▶ What to produce:
Across all lines of the entries, tally those with the word "Avenue" in them. The reply is the tally, by itself.
Records shown below:
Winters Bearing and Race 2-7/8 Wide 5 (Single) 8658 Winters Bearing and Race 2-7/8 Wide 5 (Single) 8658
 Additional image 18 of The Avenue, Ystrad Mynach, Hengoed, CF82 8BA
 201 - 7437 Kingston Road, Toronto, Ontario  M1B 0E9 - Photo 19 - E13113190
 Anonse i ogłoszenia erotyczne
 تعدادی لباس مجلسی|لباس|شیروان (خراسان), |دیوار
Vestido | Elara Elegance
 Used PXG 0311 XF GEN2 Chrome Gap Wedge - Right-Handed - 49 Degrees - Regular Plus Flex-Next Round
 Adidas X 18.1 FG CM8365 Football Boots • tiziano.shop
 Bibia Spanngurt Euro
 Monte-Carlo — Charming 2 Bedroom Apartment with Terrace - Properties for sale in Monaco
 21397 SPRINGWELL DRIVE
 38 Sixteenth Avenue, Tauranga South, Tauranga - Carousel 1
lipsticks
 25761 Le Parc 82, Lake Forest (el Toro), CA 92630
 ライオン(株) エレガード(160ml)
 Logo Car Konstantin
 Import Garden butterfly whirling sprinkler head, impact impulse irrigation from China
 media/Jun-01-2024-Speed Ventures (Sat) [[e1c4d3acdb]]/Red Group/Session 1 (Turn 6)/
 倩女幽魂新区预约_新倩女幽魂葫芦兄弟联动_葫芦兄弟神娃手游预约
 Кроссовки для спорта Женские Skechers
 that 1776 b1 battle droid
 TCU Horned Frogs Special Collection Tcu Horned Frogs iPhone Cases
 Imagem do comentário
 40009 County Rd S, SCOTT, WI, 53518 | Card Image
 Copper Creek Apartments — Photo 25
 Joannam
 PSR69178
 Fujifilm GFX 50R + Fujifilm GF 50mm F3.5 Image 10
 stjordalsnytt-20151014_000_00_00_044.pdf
End of Records shown.
▶ Solution to the exercise:
2